このガイドで指摘されている重要な内容の多くは「こども・若者の意見の政策反映に向けたガイドライン(案)」でも踏まえられていますので、とりたてて詳しく説明すべき点もないのですが、フィードバックのあり方については、アイルランドの「意思決定への子ども・若者参加に関する国家枠組み」でも採用されている“4つのF”――全面的(Full)/子どもにやさしい(Friendly)/速やか(Fast)/フォローアップ(Followed-up)――の考え方に加えて次のような留意点が詳しく述べられていますので(pp.25-26;太字は原文ママ)、参考になるかもしれません。大人から子どもへのフィードバックだけではなく、子どもたちからのフィードバックにも触れられている点は大切だと思います(これは子ども参加の評価とも関連します)。
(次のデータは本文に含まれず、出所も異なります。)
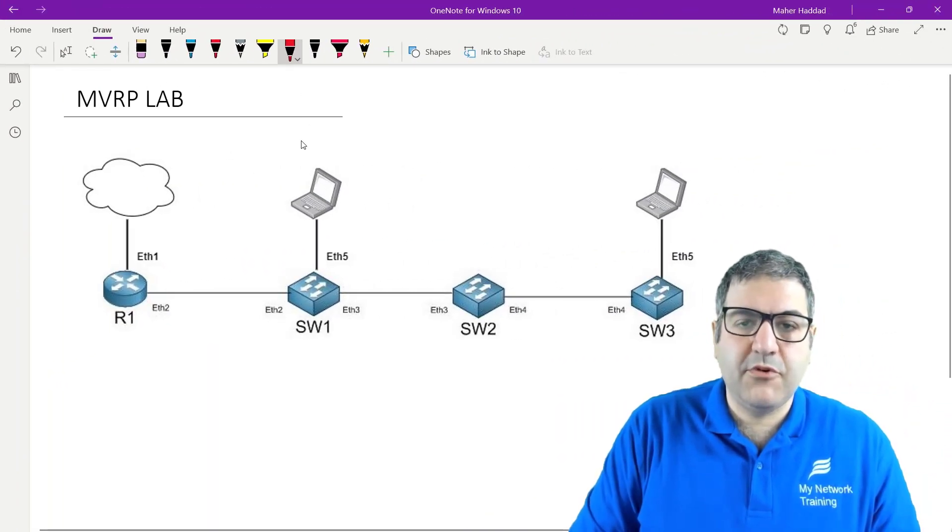Hi, this is Mahar Haddad. In this lecture I'm going to explain what the lab is that we are going to work through in this course. I'm going to start making the first configuration on the first device, which is the MikroTik router, and then we'll go to the switches in upcoming labs. Let's go directly and start with the explanation about the lab scenario.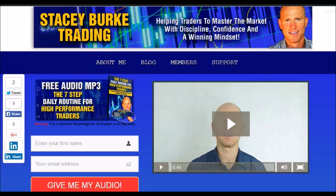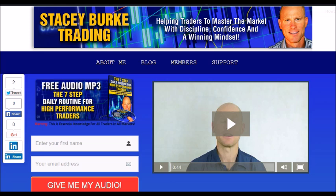Hi traders, it's Stacey Burke from Stacey Burke Trading. If you haven't done so, please head over to my website at staceyburketrading.com — I create updates on almost a daily basis and I would love for you to receive them. Just click on the blog and if you enter your name and email address, I'll send you my free audio program: The Seven Step Daily Routine for High Performance Traders. This is essential knowledge for all traders in all markets, helping traders master the market with discipline, confidence, and a winning mindset. As always traders, stay disciplined and may the markets go with you.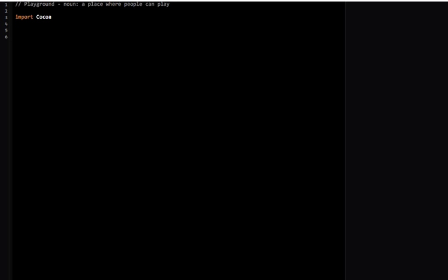Let me give you an example of why this might be useful. Say I have some variable named stringNumber, and it's really a number but it's in a string, so Swift would see this as a string. But I want to convert this to an integer, so I would do something like: let convertedNumber equal stringNumber.toInt().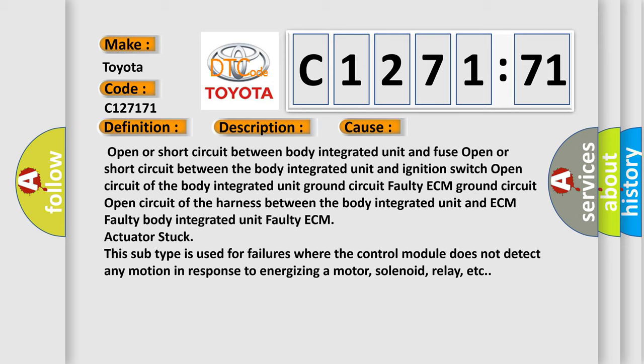This diagnostic error occurs most often in these cases: Open or short circuit between body integrated unit and fuse. Open or short circuit between the body integrated unit and ignition switch. Open circuit of the body integrated unit ground circuit. Faulty ECM ground circuit. Open circuit of the harness between the body integrated unit and ECM. Faulty body integrated unit. Faulty ECM actuator stuck.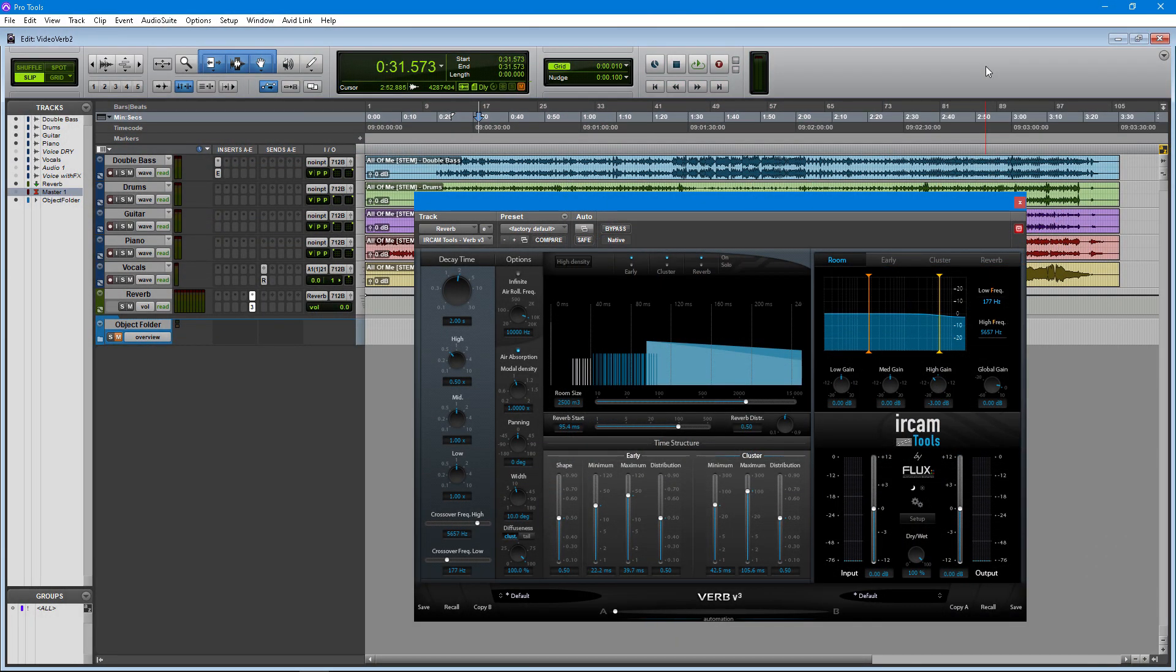Good day and welcome to the Flux Immersive Channel. Today we are going to explore mixing in Dolby Atmos with the IRCAM VERB plugin. The IRCAM VERB represents the state-of-the-art in room acoustic simulation and reverberation.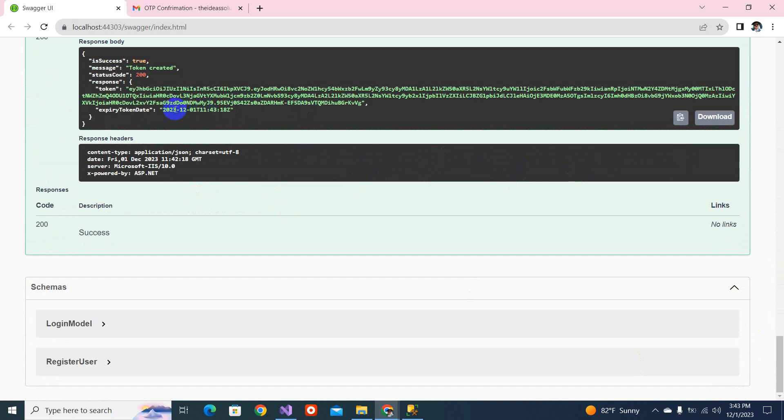After the one minute, this token will expire - you can see it's set to expire in one minute. I'm pausing the video and waiting for one minute, then I will continue to demonstrate what happens when the access token expires.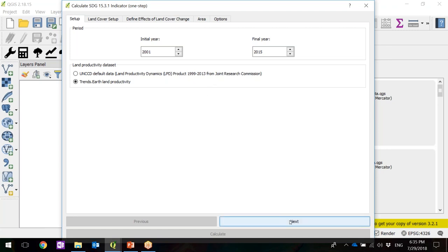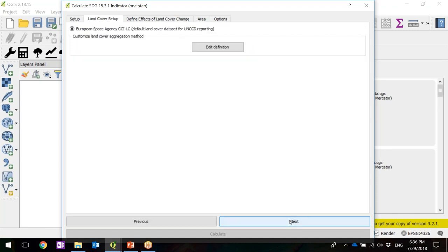These dates apply to all three sub-indicators since we selected the one-step option. For soil organic carbon and productivity, the only parameter you need to select is the time period. For land cover, there are a few more parameters. Click Next to move to the land cover setup. You can see it's using the default data — the European Space Agency CCI land cover product. This product has 36 land cover classes, but for this analysis we aggregate them into seven land cover classes, because interpreting a 36-by-36 transition matrix would be very complicated.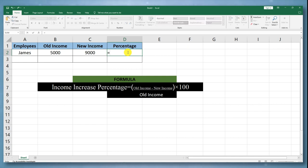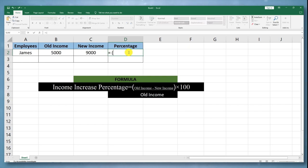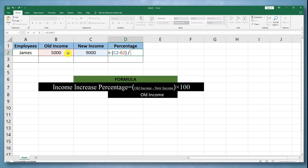Enter the formula: =(C2-B2)/B2*100. Press Enter to get the result, which will be the income increase percentage.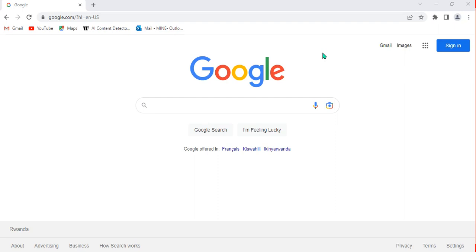Without wasting time, let's get started. As you can see, I have opened my browser that I want to use to search for information on the internet. You can open any browser you have — Chrome, Vivaldi, Edge, or Mozilla Firefox. Any browser can be used to follow all these steps.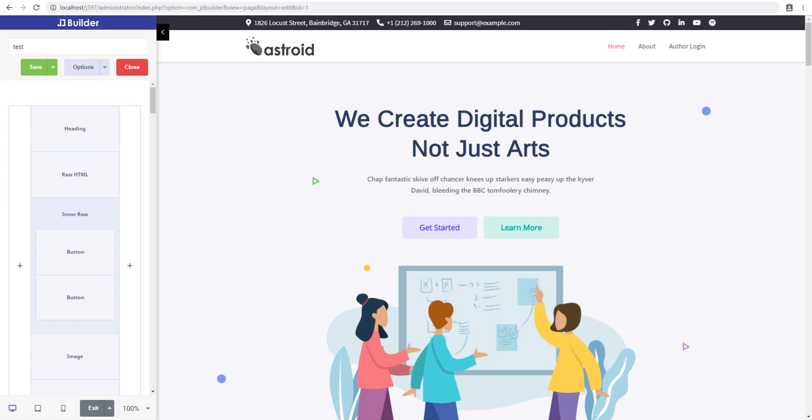Hello and welcome to yet another one of our video tutorials for the JD Builder video tutorial series. My name is Jayathan and I'm with JoomDev. In this video, we'll look at our social links icon widget element, which lets you add social links to your JD Builder page.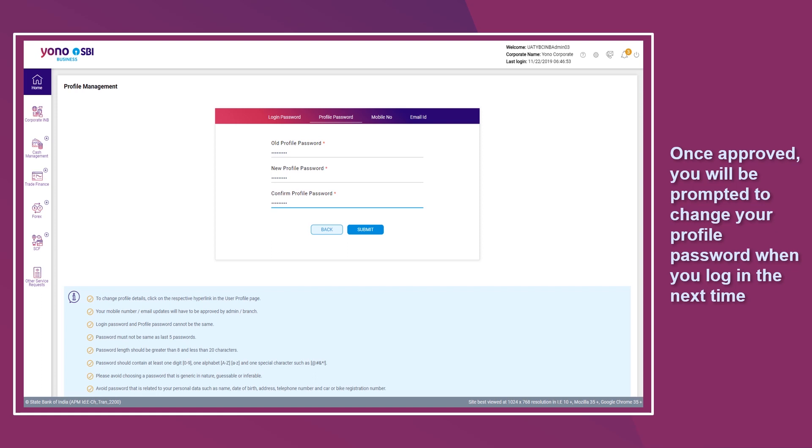Once approved, you will be prompted to change your profile password when you log in the next time.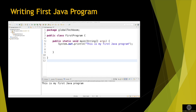Save the file as FirstProgram.java. To run the program from the command line, open the command prompt and compile the code using the command 'javac FirstProgram.java'. To execute the program, type 'java FirstProgram'. Then you can run the first program.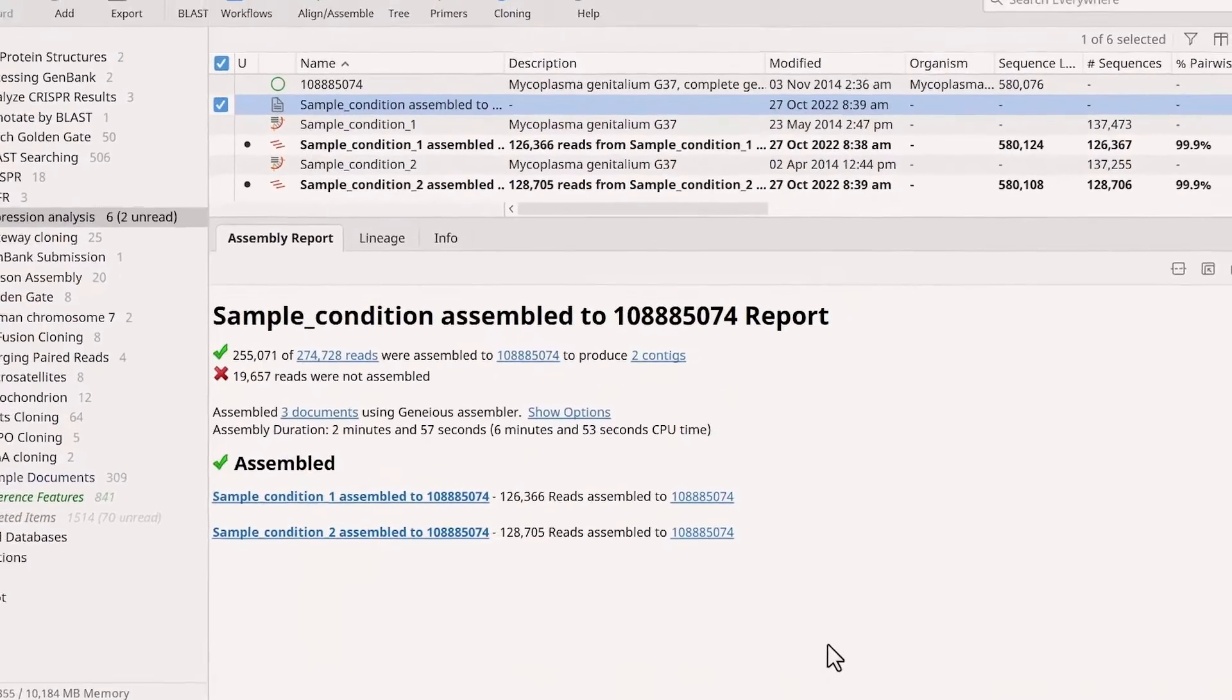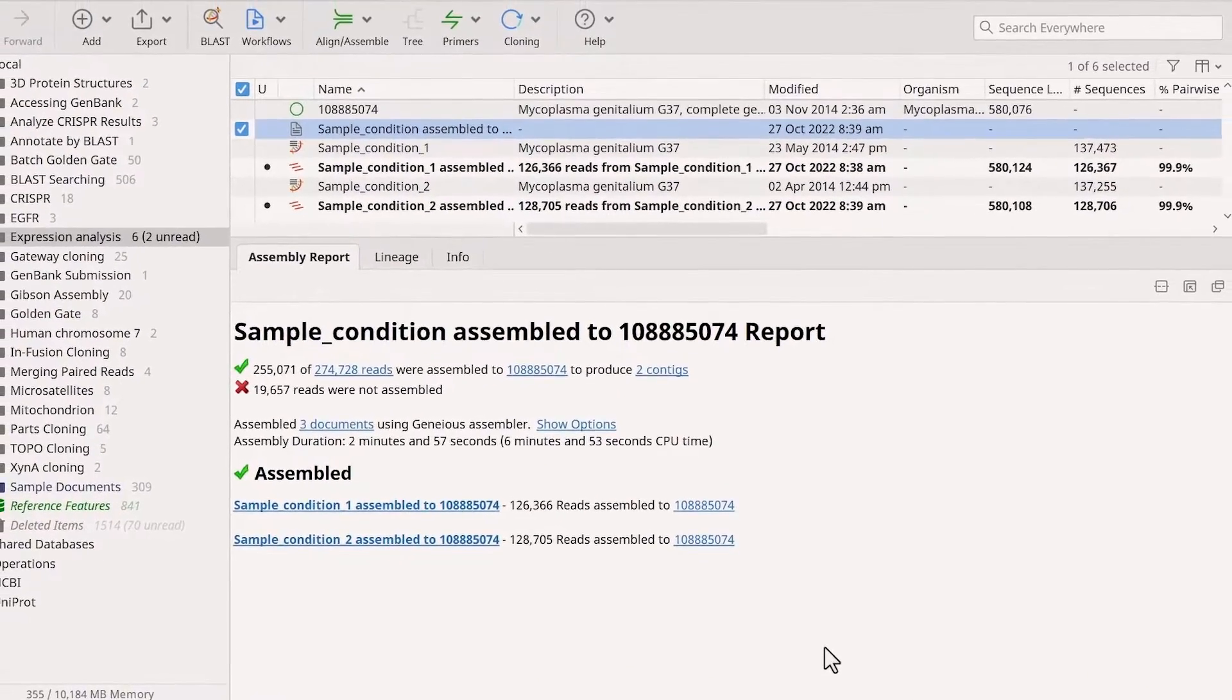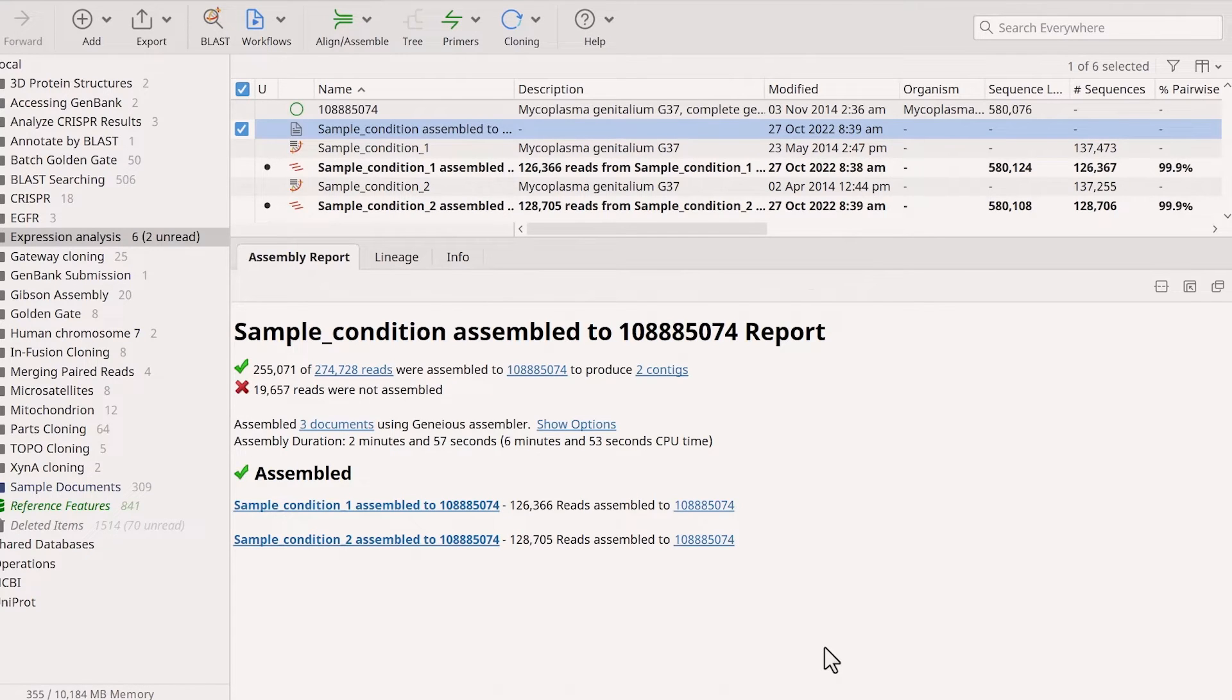The result is an assembly report summarizing the mapping and individual assembly files.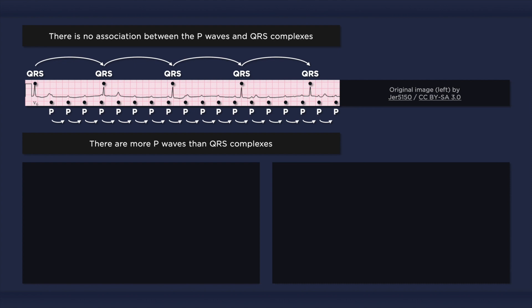In this rhythm strip, you may have noticed that the QRS complex is rather narrow. Well, the morphology of the QRS complexes and the ventricular rate depends on the location of the escape pacemaker.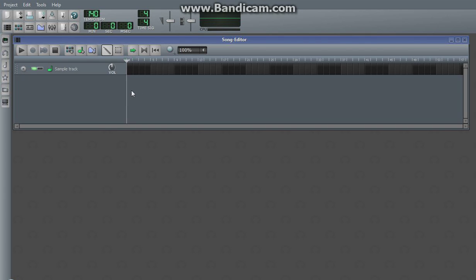Hey guys, this is Cubition. I'm going to be showing you how to use sample tracks in LMMS today.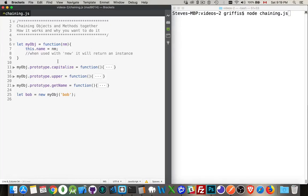There's a really cool thing with a lot of JavaScript methods, and that is the fact that you can chain them together. As an example,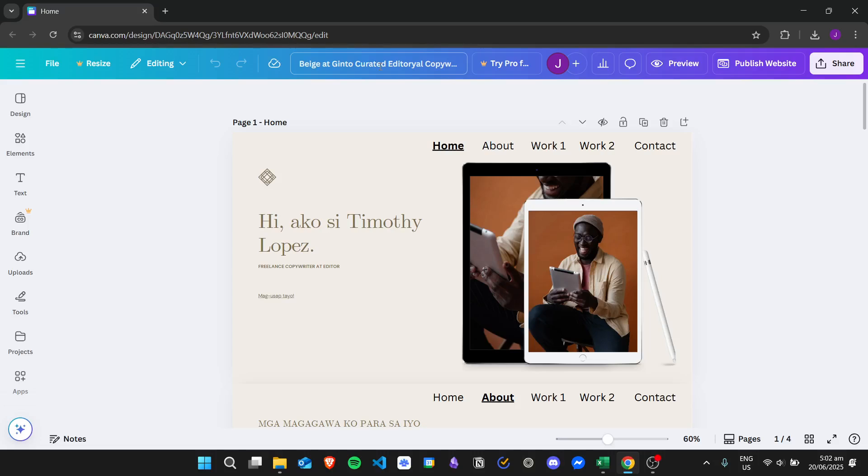Hi there, today we're going to learn how to edit the mobile version of your Canva website. I will say this right away: Canva doesn't have an official way to edit the mobile version.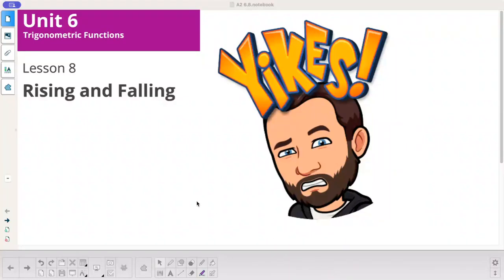Luster to Math, Algebra 2, Unit 6, Lesson 8 is called Rising and Falling.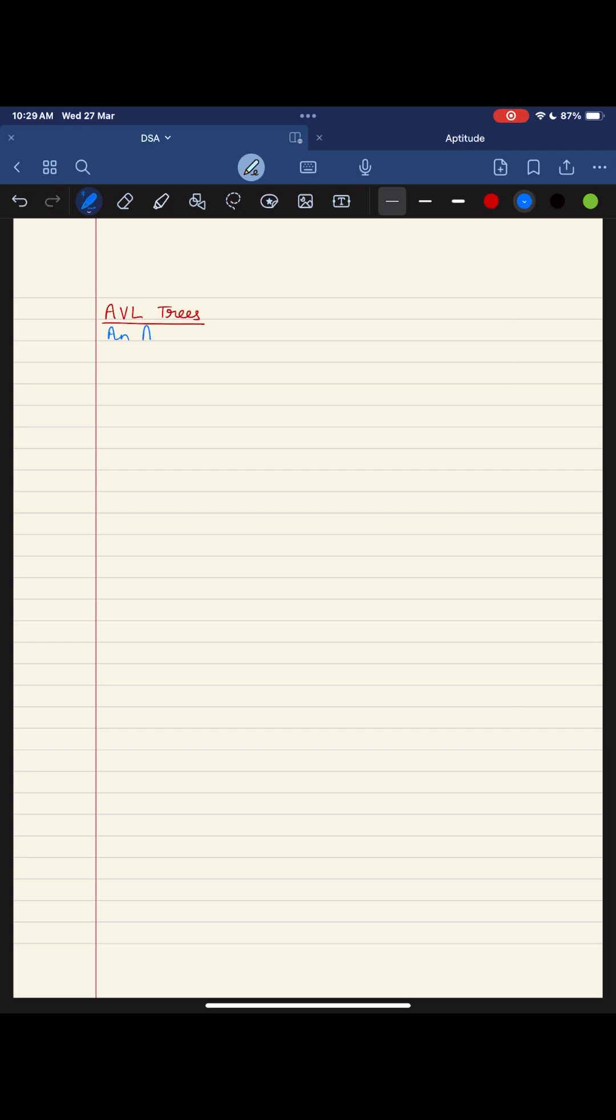So hello guys, ever heard of avial trees? They're like the superheroes of binary search trees.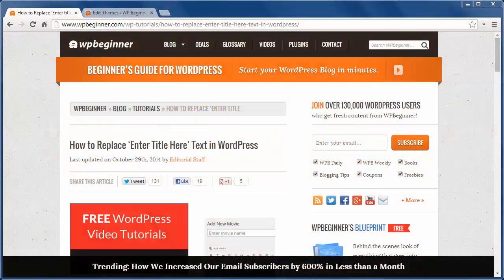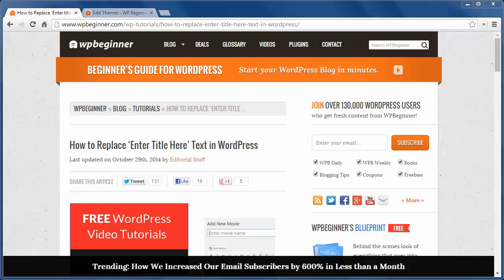Hey there and thanks for watching WPBeginner. Today I'll show you how to replace 'enter title here' text in WordPress.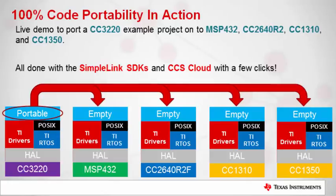Hi there. With this video, what we're going to do is we're going to take the portable example that comes in SimpleLink SDKs for the CC3220 and move that same functionality to an MSP432, a CC2640R2, a CC1310, and a CC1350.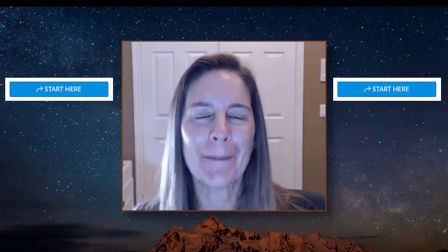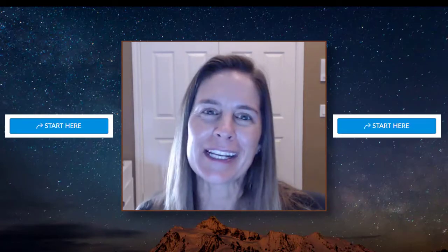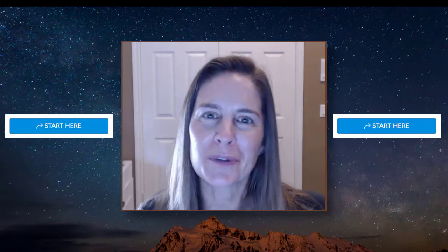You've landed on the homepage for our course and your next step is to click the big blue Start Here button. This will take you to the Getting Started module which contains everything you need for your first day of class. I'll see you there!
ガイドの作成に協力した子どもたちがどのようなフィードバックを望んでいたかについても箇条書きで記されていますので(p.26)、それも紹介しておきます。
個別的(Individual)なもの
できるだけ客観的なもの
子どもの年齢、経験、能力に会ったもの
子どもたちにどのような長所(strengths)があったか、子どもたちがどのようにうまくやれたかに焦点を当てたもの
短いもの
子どもたちの参加のおかげで肯定的な成果が出たら、そのことについて子どもたちが振り返られるよう、成果が出ると同時に与えられるもの
理想的には匿名のもの(とくに、引っ込み思案で過敏な子どもの場合)
現実の成果に言及するもの
形式的ではない、フレンドリーで楽しいやり方で行なわれるもの
最後に、このガイドでは「意思決定プロセスへの」子ども参加という表現が用いられている点にも注意しておきたいと思います。こども家庭庁が「こども・若者の意見の政策反映」に焦点を当てるのは、こども基本法11条の規定(「国及び地方公共団体は、こども施策を策定し、実施し、及び評価するに当たっては、当該こども施策の対象となるこども又はこどもを養育する者その他の関係者の意見を反映させるために必要な措置を講ずるものとする」)に照らしても自然なことではありますが、より幅広い「意思決定プロセスへの」参加という視点を持つことも重要だと感じます。